“I once spoke to someone who had survived the genocide in Rwanda, and she said to me that there was now nobody left on the face of the earth, either friend or relative, who knew who she was. No one who remembered her girlhood and her early mischief and family lore; no sibling or boon companion who could tease her about that first romance; no lover or pal with whom to reminisce. All her birthdays, exam results, illnesses, friendships, kinships—gone. She went on living, but with a tabula rasa as her diary and calendar and notebook. I think of this every time I hear of the callow ambition to ‘make a new start’ or to be ‘born again’: Do those who talk this way truly wish for the slate to be wiped? Genocide means not just mass killing, to the level of extermination, but mass obliteration to the verge of extinction. You wish to have one more reflection on what it is to have been made the object of a ‘clean’ sweep? Try Vladimir Nabokov’s microcosmic miniature story ‘Signs and Symbols,’ which is about angst and misery in general but also succeeds in placing it in what might be termed a starkly individual perspective. The album of the distraught family contains a faded study of Aunt Rosa, a fussy, angular, wild-eyed old lady, who had lived in a tremulous world of bad news, bankruptcies, train accidents, cancerous growths—until the Germans put her to death, together with all the people she had worried about.”
― Christopher Hitchens, Hitch 22: A Memoir
I am not sure what reminded me of the historical WWII movie (not a film, really, it was made for TV) Conspiracy – but I did a search and found it streaming on HBO Max. I had seen a good bit of the short (hour-and-a-half) work before. I had searched it out because I had seen a documentary on and was interested in the life and death of the Nazi Reinhard Heydrich – a particular hideous man assassinated by a team sent by the Czech government in exile.
So I re-watched it and it was crackerjack. It is the story of the 1942 Wannsee conference, set at a posh estate outside of Berlin. A group of top Nazis meet and develop the monstrous plan to settle the “Jewish Question.” It is based on the only surviving transcript of the meeting and is an awful, yet illuminating record of the thoughts of the butchers involved.
What first struck me was the illustration of Hannah Arendt’s idea of the banality of evil. Despite the apocalyptic subject being discussed, the men are obsessed with jockeying for power, style, and the food being served. It is truly a slice of genocidal bureaucracy.
I watched it with the subtitles on so I could follow the exact language.

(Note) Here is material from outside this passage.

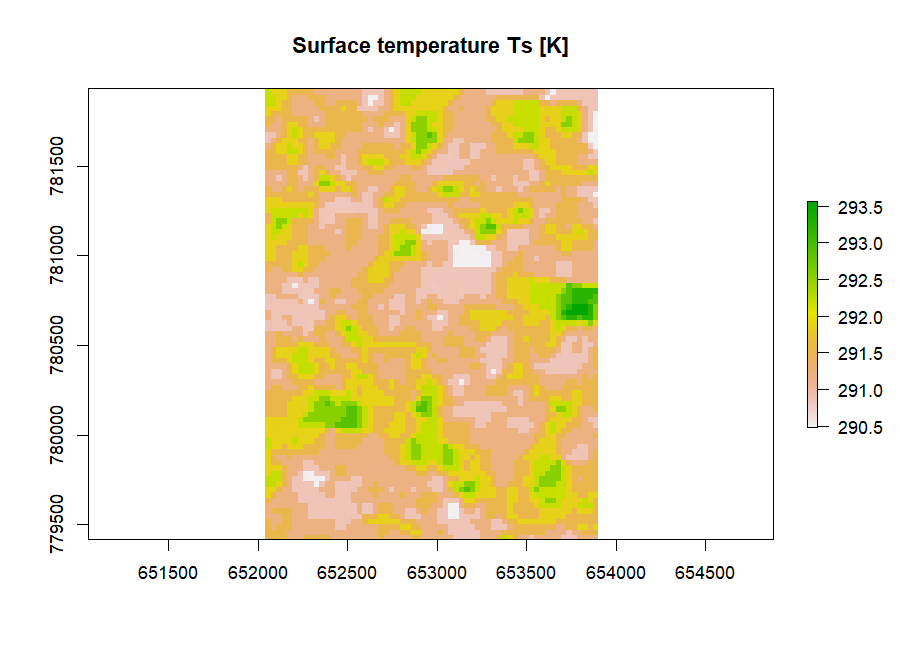 Figure 4: Surface temperature Ts in kelvin, from the thermal band. Hot, dry surfaces evaporate little; cool surfaces are wet or vegetated.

The way the couched the subjects, the way they pounded on the table, the way they insisted what they were doing was not only legal, but the only moral imperative – was chilling. Absolute, pure evil was disguised and couched in the language of duty. Think about this the next time you watch a Zoom meeting where a disastrous or immoral conclusion is arrived at without anyone talking about what is really going on.
Oh, now I remember what reminded me of this movie…. The algorithm presented me with a YouTube video showing someone that had a tiny, bit part (a radio operator) in the film. I always enjoy spotting a future star with a background part in a film.
I guess it’s inevitable that Loki would be present at the conception of the Holocaust.